**Work instruction**
Nothing in the records may be changed; retype them in full.

####################

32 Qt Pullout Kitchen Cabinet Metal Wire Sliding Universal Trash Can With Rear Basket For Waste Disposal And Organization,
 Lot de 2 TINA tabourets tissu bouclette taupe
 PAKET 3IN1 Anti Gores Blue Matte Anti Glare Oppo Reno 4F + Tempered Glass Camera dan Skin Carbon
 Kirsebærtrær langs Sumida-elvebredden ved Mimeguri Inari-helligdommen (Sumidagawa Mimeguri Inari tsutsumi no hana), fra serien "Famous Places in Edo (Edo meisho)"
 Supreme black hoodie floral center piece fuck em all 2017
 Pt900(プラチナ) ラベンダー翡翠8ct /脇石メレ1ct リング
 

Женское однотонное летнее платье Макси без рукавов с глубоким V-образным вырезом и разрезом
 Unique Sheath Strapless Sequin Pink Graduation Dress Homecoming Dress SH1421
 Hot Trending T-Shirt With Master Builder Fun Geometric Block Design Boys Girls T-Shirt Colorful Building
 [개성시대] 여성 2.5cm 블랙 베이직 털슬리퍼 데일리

####################

**Result for this task**
32 Qt Pullout Kitchen Cabinet Metal Wire Sliding Universal Trash Can With Rear Basket For Waste Disposal And Organization,
 Lot de 2 TINA tabourets tissu bouclette taupe
 PAKET 3IN1 Anti Gores Blue Matte Anti Glare Oppo Reno 4F + Tempered Glass Camera dan Skin Carbon
 Kirsebærtrær langs Sumida-elvebredden ved Mimeguri Inari-helligdommen (Sumidagawa Mimeguri Inari tsutsumi no hana), fra serien "Famous Places in Edo (Edo meisho)"
 Supreme black hoodie floral center piece fuck em all 2017
 Pt900(プラチナ) ラベンダー翡翠8ct /脇石メレ1ct リング
 

Женское однотонное летнее платье Макси без рукавов с глубоким V-образным вырезом и разрезом
 Unique Sheath Strapless Sequin Pink Graduation Dress Homecoming Dress SH1421
 Hot Trending T-Shirt With Master Builder Fun Geometric Block Design Boys Girls T-Shirt Colorful Building
 [개성시대] 여성 2.5cm 블랙 베이직 털슬리퍼 데일리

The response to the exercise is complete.